All exterior panels are insulated with a closed cell composite material which helps keep the interior warm and dry, regardless of the weather. By combining lightweight composite and aluminum materials, the camper weight remains just under 400 lbs for the midsize unit, and just under 500 lbs for the full size version.
The interior can either be left empty for the customer to fit out themselves, or fully customized to meet the specific needs of the individual. Lead times for just the shell are approximately 5-7 weeks with custom cabinetry adding additional time depending on the complexity of the build. Prices for the empty shell starts at just south of $12,000 for the midsize model.
If you need extra space inside the truck bed area, the sliding door cabinets on the passenger side (top left in photo above) can collapse flat in a matter of seconds, with the doors nesting inside.
(Above )Here is a shot of the cabinets collapsed to make more room for bikes, small motorcycles or surfboards.

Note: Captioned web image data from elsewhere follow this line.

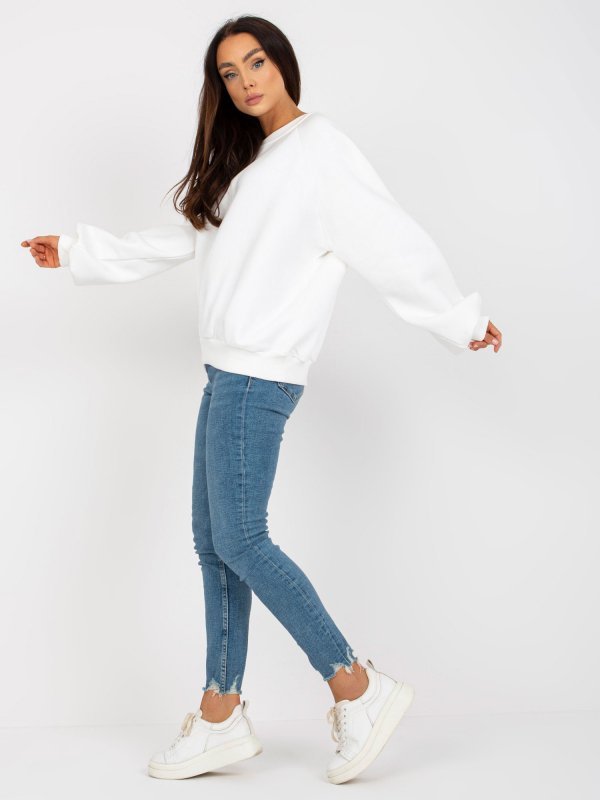Bluza-RV-BL-6758.50P-ecru rozmiar - L/XL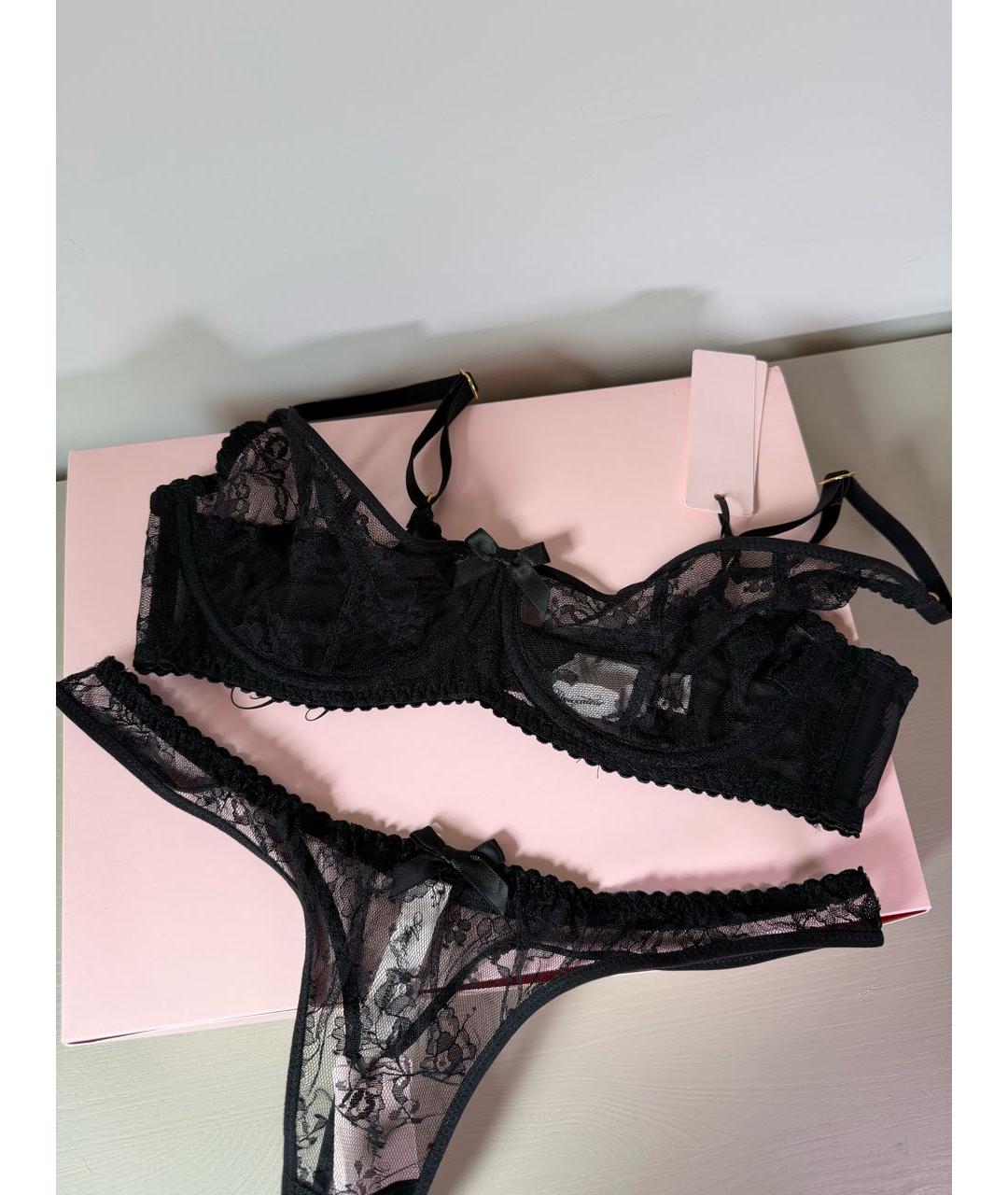 AGENT PROVOCATEUR Черный комплекты, фото 5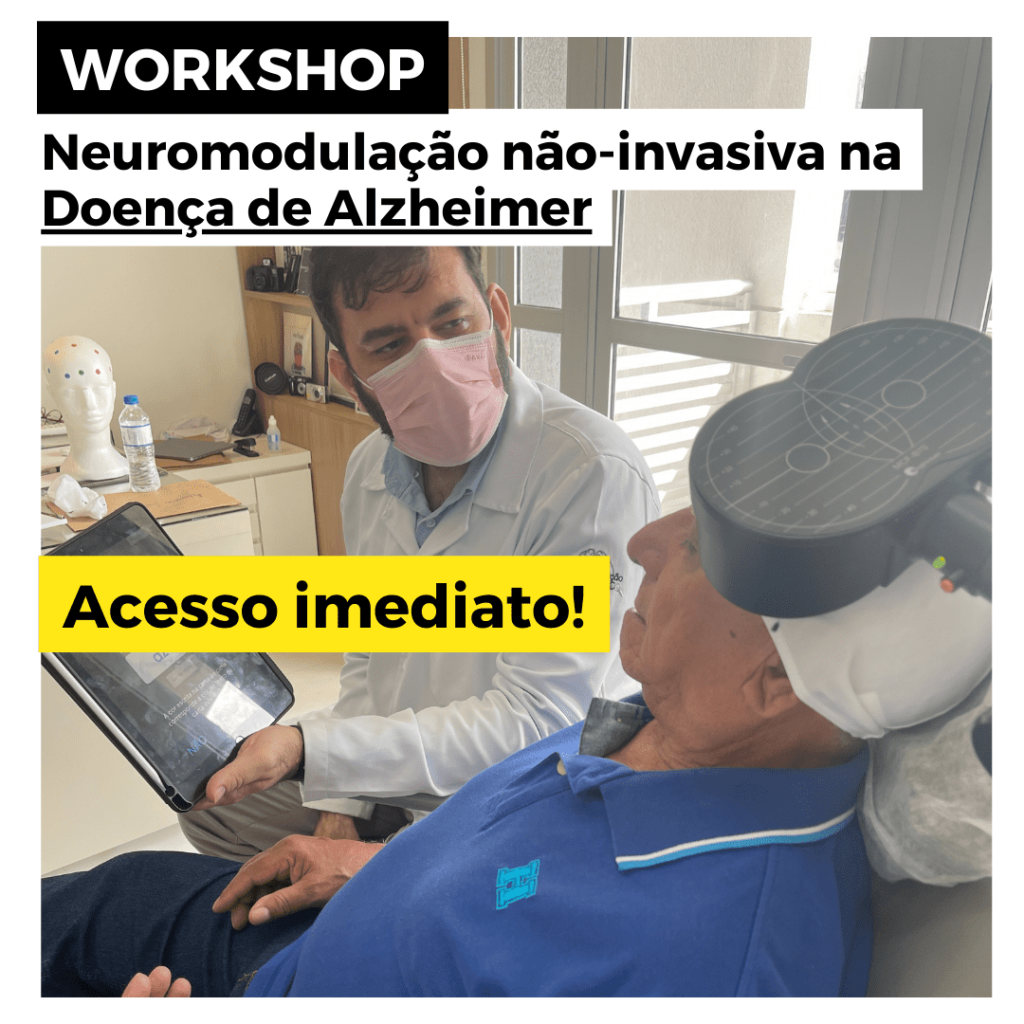 Neuromodulação não-invasiva na doença de Alzheimer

The front section has room for a small table for eating and can double as a desk for you workaholics out there. The attic is a great place to sit and relax while your partner cooks, changes clothes or moves around the camper. It’s also an excellent spot to settle in with your favorite book after a long day of hiking or surfing. Here you can see the optional Fantastic Fan on the ceiling.
When it comes time to pass out, the base of the bed slides out creating a 50” x 74” mattress, full size truck models are slightly larger.
Overall, the Hiatus Camper looks to be an absolute knockout. The price places it between a GFC, Vagabond Drifter or an AT Summit, and a Four Wheel Camper. Their ace in the hole lies in the hard side pop top, something that’s absent in the rest of the market. The layout of the windows, barn doors and side hatch really help the Hiatus to feel open and more connected the outdoors, and provides a solid base to outfit the camper in a number of interesting ways. It appears as though Erin and Tyler are really on to something here!